MIAMI — Four days after a German tourist who inadvertently drove her rental car into an inner-city Miami neighborhood was assaulted, robbed and killed, the resulting outcry has turned the slaying into an international incident.
In Bonn, the German government issued a list of "precautionary measures" for nationals planning to visit Florida, the first time in memory such a travel advisory has been issued for a U.S. destination.
"We're very concerned about the situation there, but we don't want to overreact," said a Foreign Ministry spokesman. "It's not as if we want to say that Florida is especially bad or more brutal than anywhere else. It's clearly no worse than New York."
Nonetheless, Florida officials scrambled to control whatever damage the worldwide publicity about the attack might cause to the state's $30-billion tourist industry, especially after recent waves of violence against French Canadian visitors to the Miami area and a rash of rock-throwing incidents last November which had National Guard troops patrolling an interstate highway near Jacksonville.
Barbara Jensen Meller, a 39-year-old physical therapist from Berlin, arrived in Miami Friday with her two young children and her mother.

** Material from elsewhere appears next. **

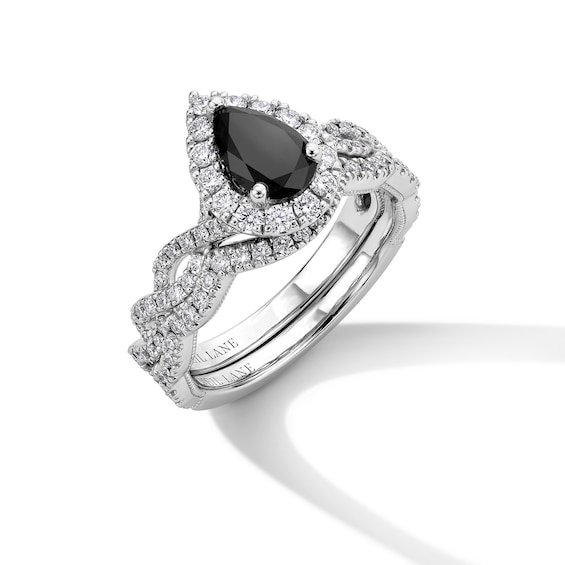 Neil Lane Black & White Pear Shaped Diamond Bridal Set 1-3/4 ct tw 14K White Gold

After picking up a red Ford Taurus from Alamo Rent-A-Car, she was heading from Miami International Airport to a Miami Beach hotel when apparently she became lost and pulled off Interstate 95 just north of downtown.

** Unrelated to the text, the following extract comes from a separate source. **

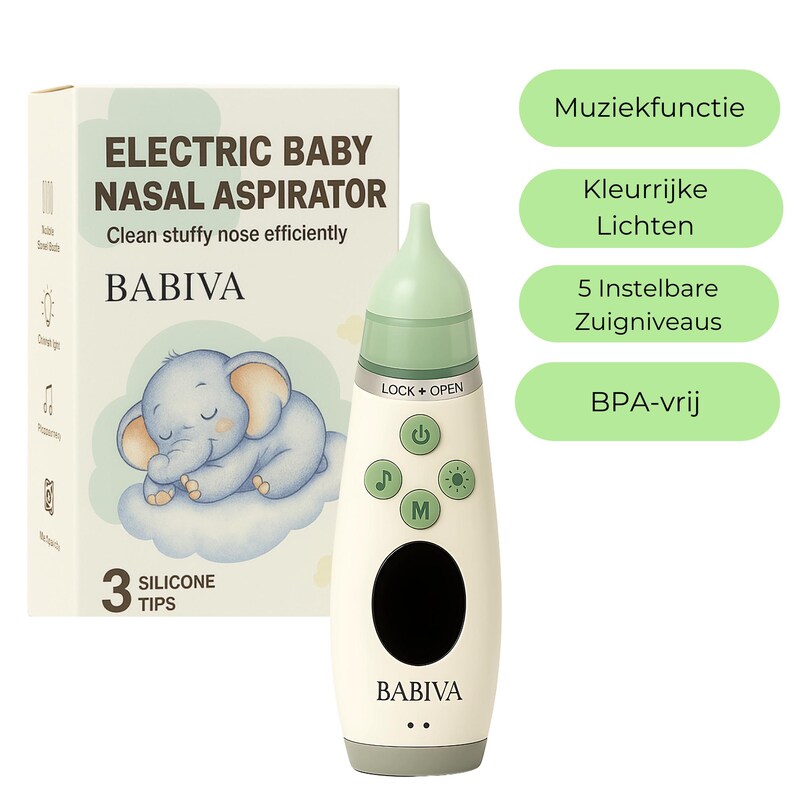 May include: An electric baby nasal aspirator with a green and white design. The product is packaged in a box with an illustration of a sleeping elephant. The aspirator has several buttons and the text "BABIVA". The box also says "Clean stuffy nose efficiently".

In a technique favored by smash-and-grab robbers, her car was rear-ended, and when Jensen got out to inspect the damage, at least two men attacked her and grabbed her purse. As they fled, they ran over Jensen with their car, crushing her head. Her horrified children and mother looked on.

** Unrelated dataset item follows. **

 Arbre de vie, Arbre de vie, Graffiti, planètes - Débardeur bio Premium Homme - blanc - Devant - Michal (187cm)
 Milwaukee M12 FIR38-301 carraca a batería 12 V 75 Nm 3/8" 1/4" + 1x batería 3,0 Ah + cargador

She was the third German and sixth foreign visitor to be killed in Florida since December.
Gov. Lawton Chiles asked U.S. Atty. Gen. Janet Reno, the former chief prosecutor in Miami, if new federal laws against carjacking could also be used to convict criminals who prey on tourists. He also said he would take to a special session of the legislature a request that the telltale word "lease" as well as the Y and Z letters on rental car license plates be banned. To thieves, the special plates are known as "Rob me" tags, Miami police say.